Traditional Coleford tobacconist, confectioner and men’s barber Bolter’s will close its doors for the final time next week after the ‘sad decision’ was taken to cease trading.

Founded in 1866 when Queen Victoria was in the middle of her 64-year reign, the town centre business beside the Clock Tower has been run by three generations of the Bolter family, and still has a traditional shop frontage echoing times past.

But with ill health forcing owner Patrick Bolter, 79, to move into a care home, the business will disappear from the high street it has graced for a century and a half.

Originally situated on the other side of Market Place where Lloyds Bank is now based, it moved around a century ago to its current site.

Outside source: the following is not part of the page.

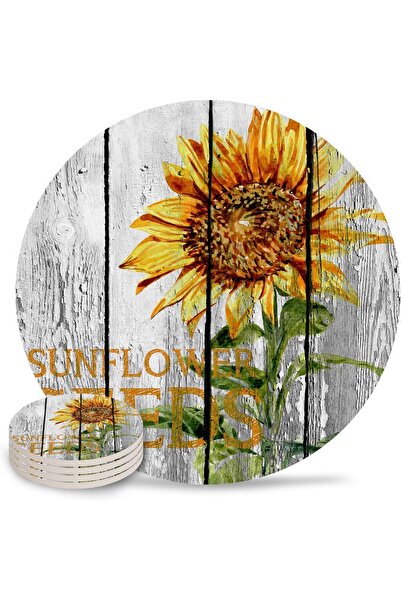 Generic مجموعة فلاتر ND حلقية صغيرة لكاميرا DJI Osmo Pocket 3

And Sandra Scotford, who has worked alongside Mr Bolter for 38 years, said: “It’s very sad, but it’s time to close.

“I’ve cried my heart out these last few weeks, but Patrick lost his second leg last year and we need to pay for his care, so we’ve had to take the decision to close up and sell the building.

“I’ve spent all of my adult life working here, and it’s been such a part of the town’s history… it has so many memories.”

Founded by Patrick’s granddad Thomas Bol­ter senior 151 years ago as a tobacconist and barbers, it later moved across the square after the old building was sold for £1,000 and the new one bought for half the price.

His son, Patrick’s father Thomas Bolter junior, then ran the store with his wife.

“They had Pat quite late in life, and he was helping out in the store as soon as he could walk,” said Mrs Scotford.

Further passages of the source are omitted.